Слушатель, читатель или зритель, застигнувшие Мудреца в такой момент интимности, понимают, что трансцендентальному субъекту есть дело до всего в мире, но миру — нет никого дела до трансцендентального субъекта, желающему «быть» и «не быть». Подлинная задача такого субъекта заключается в том, чтобы если не доказать, то хотя бы выкрикнуть, что у него есть Лицо и оно — живое. Исповедальное слово ждет ответа. Только это ожидание дарует ему звучание, сподвигает его на то, чтобы совершать жесты доверия, отвращения, любви, страдания, равнодушия и т.п.

Равнодушное тело действительности должно, по убеждению исповедующегося, «шевельнутся» в ответ, дать «знак», что исповедь услышана, прореагировать.
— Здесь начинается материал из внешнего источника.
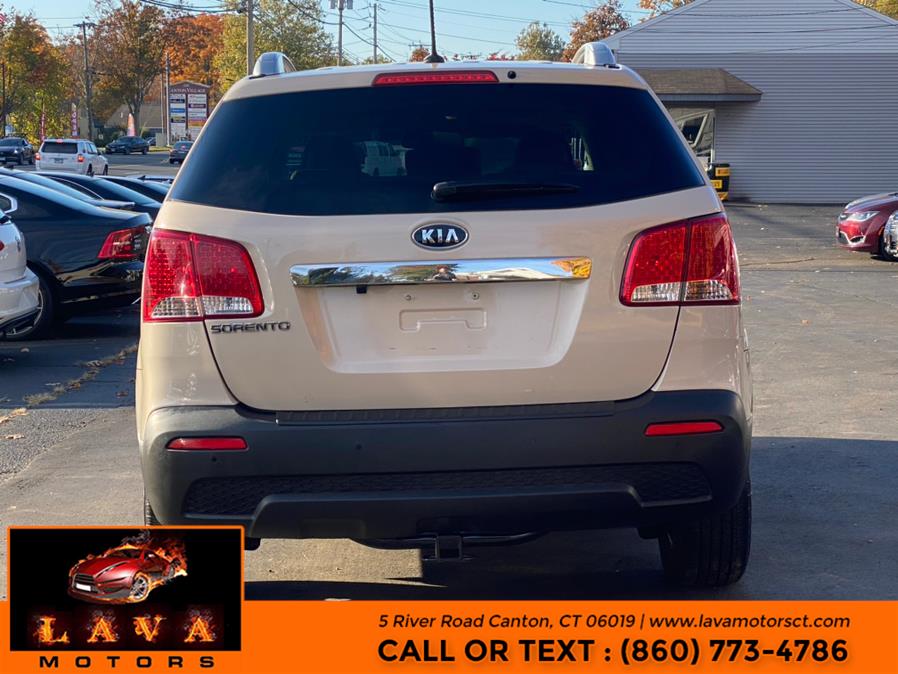 Used Kia Sorento 2WD 4dr I4 LX 2011 | Lava Motors. Canton, Connecticut Used Kia Sorento 2WD 4dr I4 LX 2011 | Lava Motors. Canton, Connecticut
Негативная или позитивная данная реакция — неважно: главное заключено в том, чтобы не содрогнуться от пустоты. «Нам хочется, чтобы нас любили, или хотя бы почитали, хотя бы поносили и презирали» (Я. Сердерберг. «Доктор Глас»). Однако к ужасу Мудреца слово его исповеди оставляет метку на «стекле истины», сквозь которую он взирает на мир, но не на теле действительности: проблемы философии-проблемы вечные. История европейской философии оставила столь много «знаков» на стекле, что сквозь эти метки уже и не различить мира. Речи трансцендентального субъекта повседневных забот и проблем суть речи «за семью замками». Сегодня мы как бы переживаем «генеральную инвентаризацию» философского «имущества», так как классика в ХХ в. дошла до последнего рубежа слов и распоясалась в том бормотании, которое очаровывает и называется «неклассикой». Метафизика ХХ в., рядясь в «постклассическую шаль», выдавая свой новый облик за свою принципиально новую суть, формирует свое проблемное и тематическое пространство, разрабатывает свой язык и свои стили в соответствии со своим же желанием (а быть может и нашим) очередного совращения

Даже в исповеди философ помнит, что он приобщен к мысли и к истине, что он мудр. Знание и беспокойство о знании своего знания свидетельствуют о том, что Мудрец не способен выдержать себя в стерильном пространстве своего царства: пространства, и время исповедального слова всегда аффективно. Исповедальное слово — вожделение о действительном. Субъект желает быть телом, а потому исповедующийся мудрец совершает глупости. Его не способно удовлетворить ничто из того, что в нем, и ничто из того, что вне его.